_TASK TO COMPLETE:_ Among the records below, find the line with "Produktbild Hanah Home" and the line with "三维抄数机扫描工业零件-新拓三维一站式服务". Set down both and every line between, exactly and with no pictures, but nothing else.

[RECORDED INFORMATION — start]

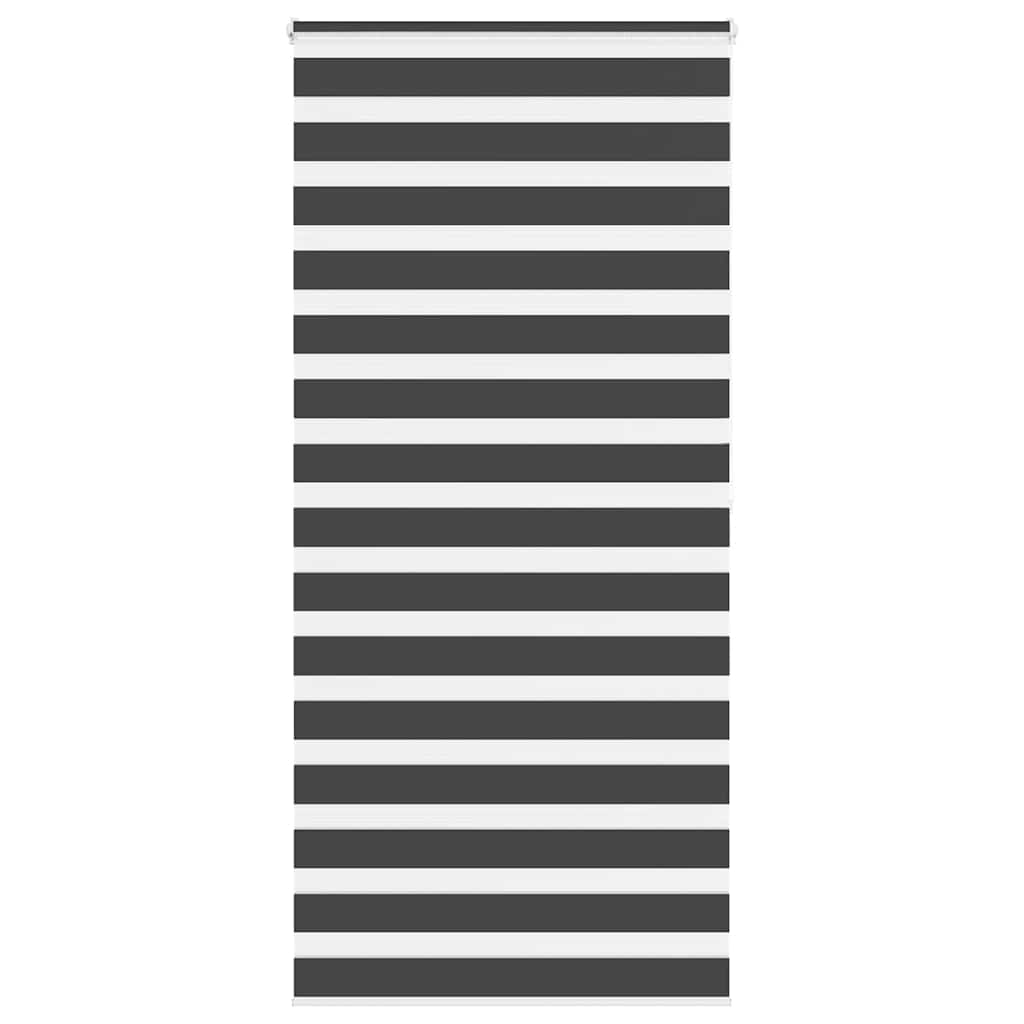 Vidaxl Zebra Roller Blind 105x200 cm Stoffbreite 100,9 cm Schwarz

[RECORDED INFORMATION — finish]
[RECORDED INFORMATION — start]

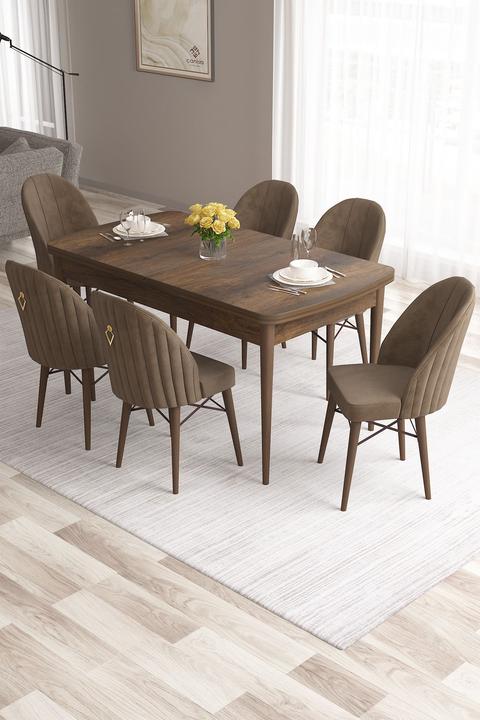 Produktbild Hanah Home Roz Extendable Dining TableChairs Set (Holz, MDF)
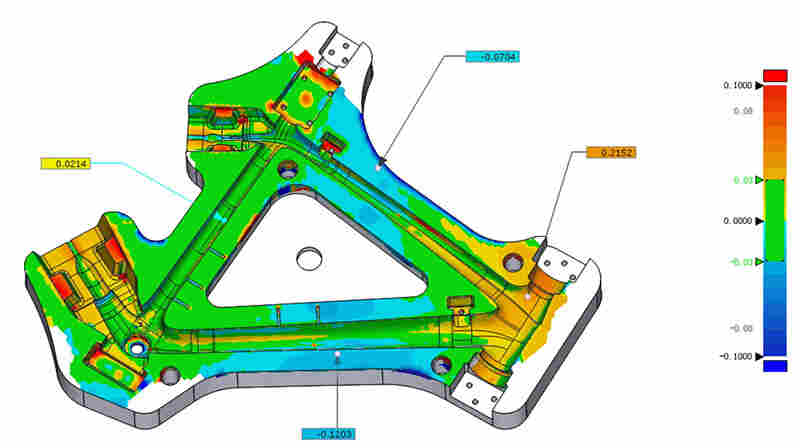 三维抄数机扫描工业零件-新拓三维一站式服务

[RECORDED INFORMATION — finish]

_WRITTEN ANSWER:_
 Produktbild Hanah Home Roz Extendable Dining TableChairs Set (Holz, MDF)
 三维抄数机扫描工业零件-新拓三维一站式服务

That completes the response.